Last month, I wrote about the need for leadership on the educational issues facing Vermont, to address the great divide that exists on many of our most critical decisions. There are growing signs on every level of our educational systems that we must move forward and take action rather than engage in positional debates that further erode the platform from which we need to build a vision for education in Vermont.

To this end, the Vermont Business Roundtable has stepped forward with thought leaders throughout the state, including legislators, Agency of Education representatives, superintendents, and others, to come together in November to take a deep, critical look at the issues ahead and how we will collectively address them. The event has been titled “The Green Mountain Imperative: a Breakthrough Summit on Public Education,” and is two full days of inquiry and research that has been designed to get at the issues that have created such strong rifts in educational design, with governance and educational spending at the top of the list.

There is high hope for this summit. We’ve tried to move forward through the legislative process, which has proven quite challenging. Our political realities have collided with our educational sensibilities. The process of coming together and engaging all stakeholders in a process of critical inquiry is essential.

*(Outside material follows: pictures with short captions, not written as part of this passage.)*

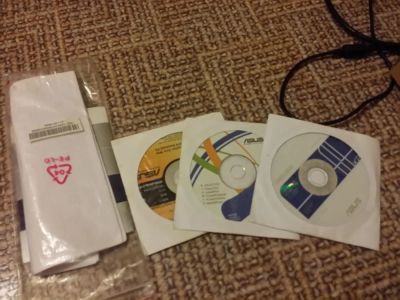 Лот: 6972523. Фото: 1. Asus K50c. Ноутбуки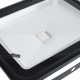 GloboStar® 75602 Επαγγελματικός Προβολέας LED 50W 3250lm 120° AC 220-240V Αδιάβροχος IP65 με Ασύρματο Χειριστήριο IR - RGB - Μ28.5 x Π23.5 x Υ10cm - 3 Χρόνια Εγγύηση GloboStar® 75602 Επαγγελματικός Προβολέας LED 50W 3250lm 120° AC 220-240V Αδιάβροχος IP65 με Ασύρματο Χειριστήριο IR - RGB - Μ28.5 x Π23.5 x Υ10cm - 3 Χρόνια Εγγύηση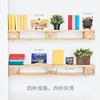 368片 迷你拼图 塑料拼图 P1261 阿尔卑斯山雪景 商品缩略图3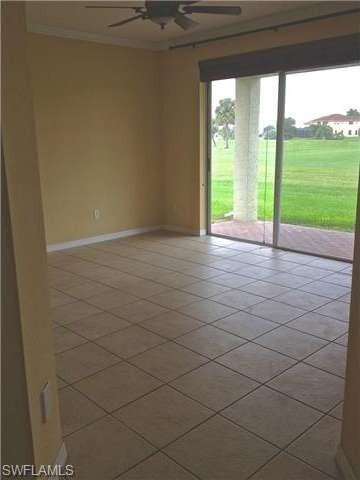 1704 Birdie Dr, Naples, FL 34120 - photo 4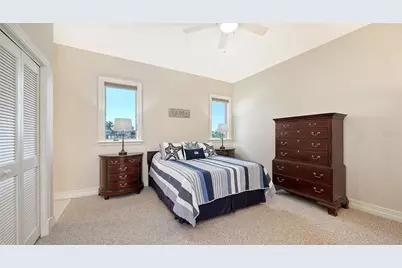 1115 Bayshore Drive, Englewood, FL 34223 - Photo 41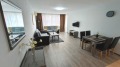 Продава  2-стаен област Бургас , гр. Свети Влас , 76 кв.м | 27185710 - изображение [2]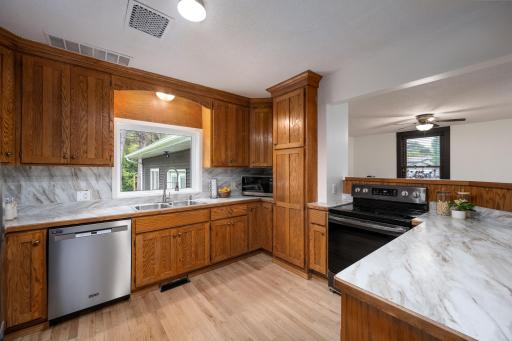 29860 Lofton Avenue, Chisago City, MN 55013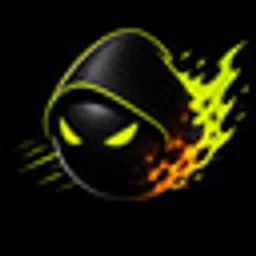 HOODBALL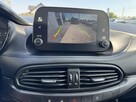Fiat Tipo s-design navi xenon aktywny tempomat - 16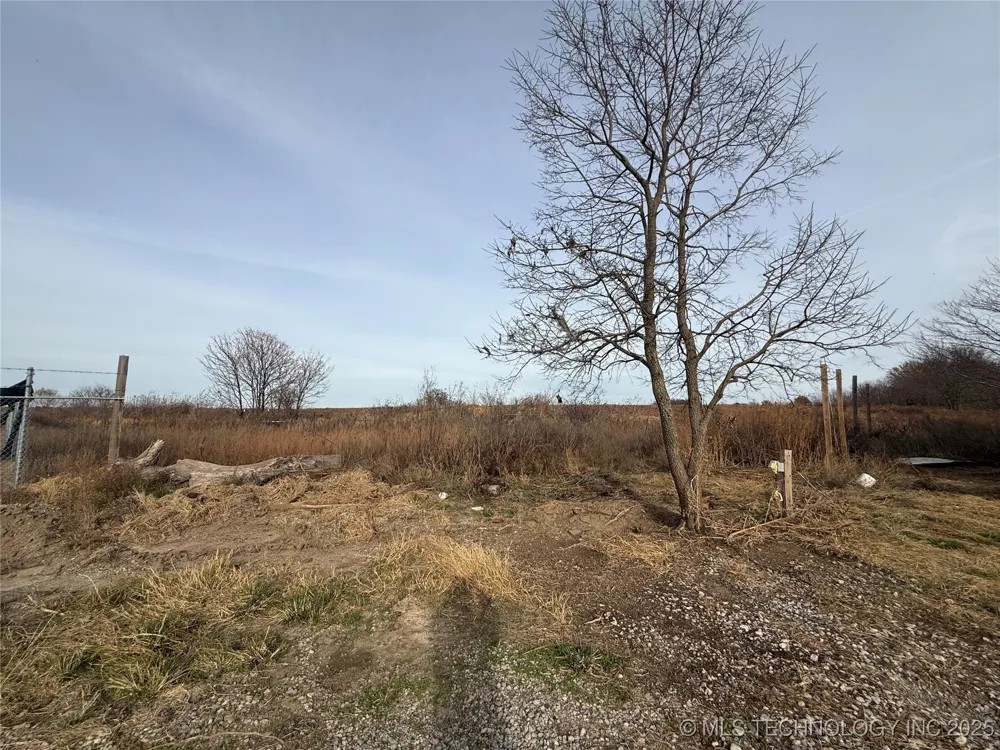 426550 E 250 ROAD Chelsea, OK 74016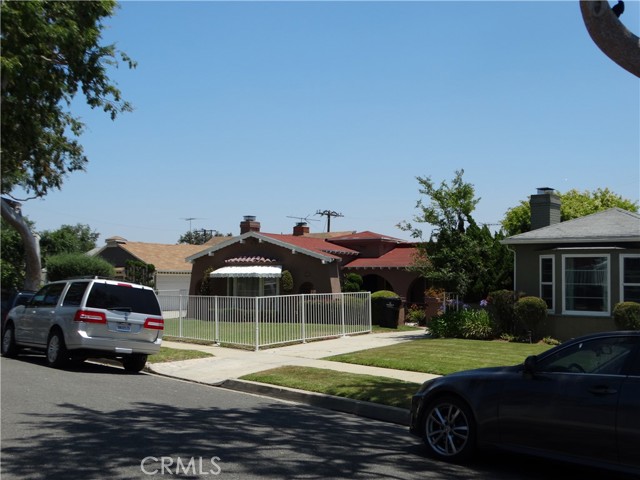 Image 3 for 3408 W 85Th St, Inglewood, CA 90305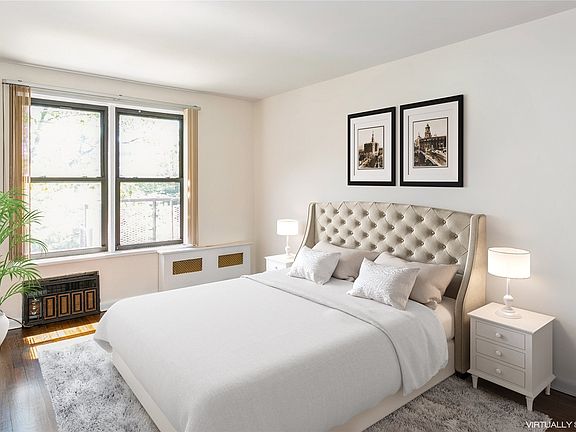 5th image of 1 Birchwood Ct APT 3K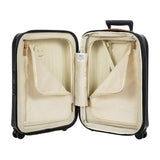 BRIC’S | Taormina | 21" Expandable Carry-on Spinner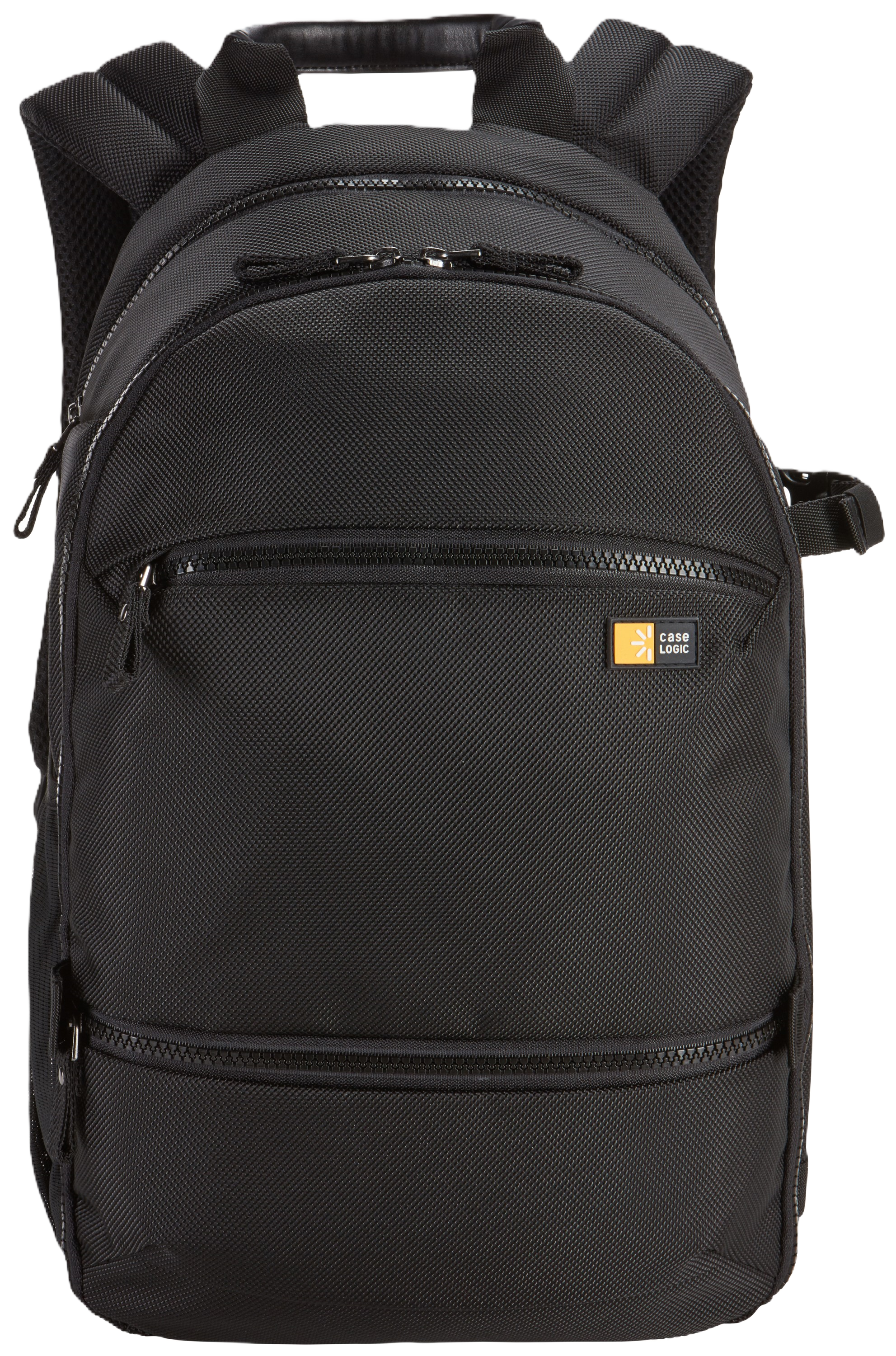 CASE LOGIC BRYKER BRBP104 BLACK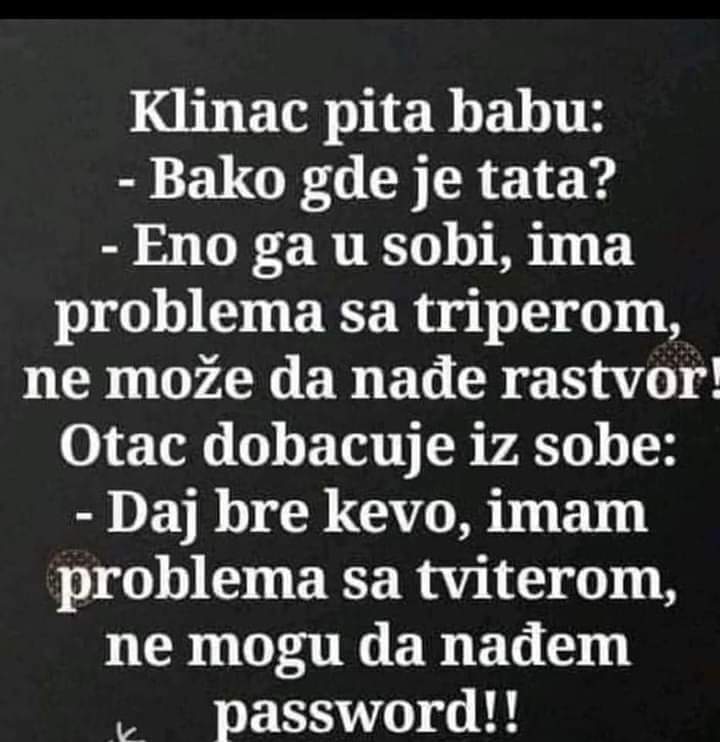 Tajči (@sandra67388257) on Twitter photo 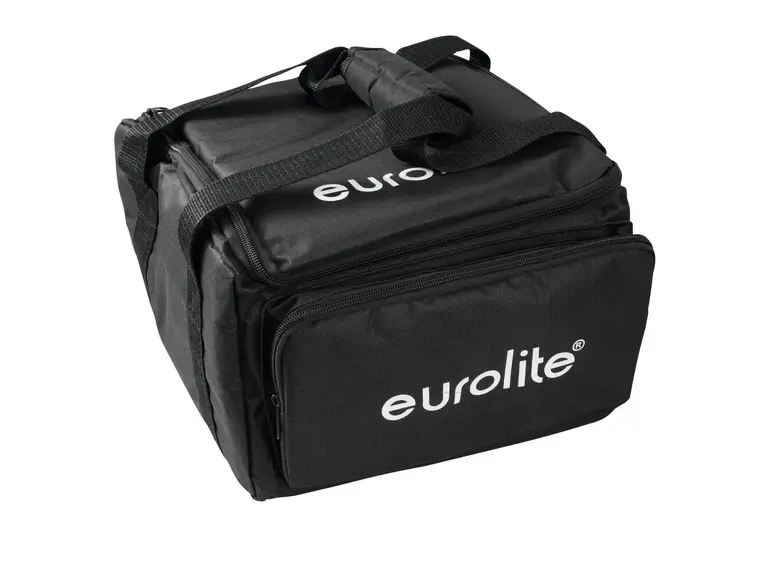 Eurolite SB-4 Soft Bag L 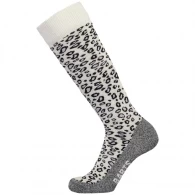 Носки лыжные Barts Skisock Animal Print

There is significantly more data this year that speaks to funding and educational equity, but data won’t be enough for us to move forward, collectively, in reimagining what our schools can and should be. We know that belief often trumps data, and perspectives can fall on either side of the numbers. Increasingly, it appears that the ability to listen, coupled with a sound body of data, will be a critical combination. Somehow, we must develop our ability to find common ground while maintaining our strident beliefs that root us in our individual worldviews. And then, we need to take a step forward. That is the hope for the Green Mountain Imperative. Dialogue is critical, but there is a point where our conversations on educational issues become reiterative and we enter into a swirling Groundhog Day that can be maddening at best.

With a commitment to address student needs first and take action on those needs, we can bring greater purpose and clarity to the legal, political, and social frames we wrap around education in Vermont.

Peter Burrows, D.Ed., is superintendent of the Addison Central Supervisory Union and has more than two decades of experience in education.